Exhibit 4.81
Summary of the Private Instrument of Investment, Share Purchase, and Sale Agreement, entered into on May 20, 2024, related to the Acquisition of Companhia Agrícola Novo Horizonte S.A.
Parties: Agrifirma Agro Ltda., as buyer, and Rafael Barbosa Maia, Martin Weege, Carbono Investimento Ltda. and Zmax Agro Cia, as sellers (the “Parties”), and Companhia Agrícola Novo Horizonte S.A., as consenting party.
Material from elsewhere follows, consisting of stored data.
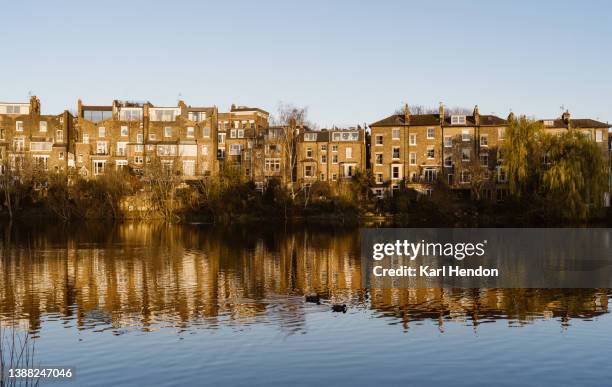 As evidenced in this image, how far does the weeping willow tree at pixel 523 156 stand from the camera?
80.3 metres

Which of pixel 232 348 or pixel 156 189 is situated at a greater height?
pixel 156 189

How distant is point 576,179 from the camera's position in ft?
246

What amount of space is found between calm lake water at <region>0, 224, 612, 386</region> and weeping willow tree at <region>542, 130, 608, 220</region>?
39.2m

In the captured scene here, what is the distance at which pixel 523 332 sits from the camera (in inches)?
1022

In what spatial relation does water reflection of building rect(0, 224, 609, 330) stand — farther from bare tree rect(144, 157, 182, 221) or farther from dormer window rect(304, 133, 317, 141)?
dormer window rect(304, 133, 317, 141)

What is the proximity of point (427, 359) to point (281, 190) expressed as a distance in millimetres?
70852

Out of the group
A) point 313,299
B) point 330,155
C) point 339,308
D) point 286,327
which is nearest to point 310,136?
point 330,155

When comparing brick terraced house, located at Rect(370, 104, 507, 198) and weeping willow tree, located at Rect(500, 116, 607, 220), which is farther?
brick terraced house, located at Rect(370, 104, 507, 198)

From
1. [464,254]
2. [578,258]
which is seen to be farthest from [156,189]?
[578,258]

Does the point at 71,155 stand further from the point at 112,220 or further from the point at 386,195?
the point at 386,195

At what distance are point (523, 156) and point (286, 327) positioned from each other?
60.1 m

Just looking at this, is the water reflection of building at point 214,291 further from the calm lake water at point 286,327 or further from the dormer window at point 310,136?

Purpose: On May 20, 2024, the Parties entered into a Private Instrument of Investment, Share Purchase, and Sale Agreement (the “Merger Agreement”), pursuant to which they agreed, for the present value amount of R$36.4 million, upon the terms and conditions of merger of Companhia Agrícola Novo Horizonte S.A. into Agrifirma, whereby Agrifirma would receive all of Companhia Agrícola Novo Horizonte S.A.’s assets, rights and obligations. The completion of the acquisition was subject to certain requirements and conditions precedent, such as antitrust approvals, Agrifirma and Novo Horizonte’s general shareholders meeting approval, besides the fulfillment of certain obligation and third-party consents, among others, which were met on August 6, 2024, following which Agrifirma obtained control of Novo Horizonte. Based on the terms of the Merger Agreement, the consideration transferred in the form of common shares was determined based on an initial exchange ratio price, final exchange ratio price and adjustments due to indemnifications. Pursuant to the Merger Agreement, the preliminary price was adjusted to reflect the changes in the assets described above on the preliminary balance sheet through the closing date, which was August 6, 2024. The Merger Agreement also sets forth certain obligations for the payment of compensation by Agrifirma and the selling shareholders of Novo Horizonte if certain contractually indemnifiable losses occur. On October 17, 2024, Agrifirma and the selling shareholders of Novo Horizonte signed an agreement agreeing on the final adjustment to exchange ratio price of the transaction.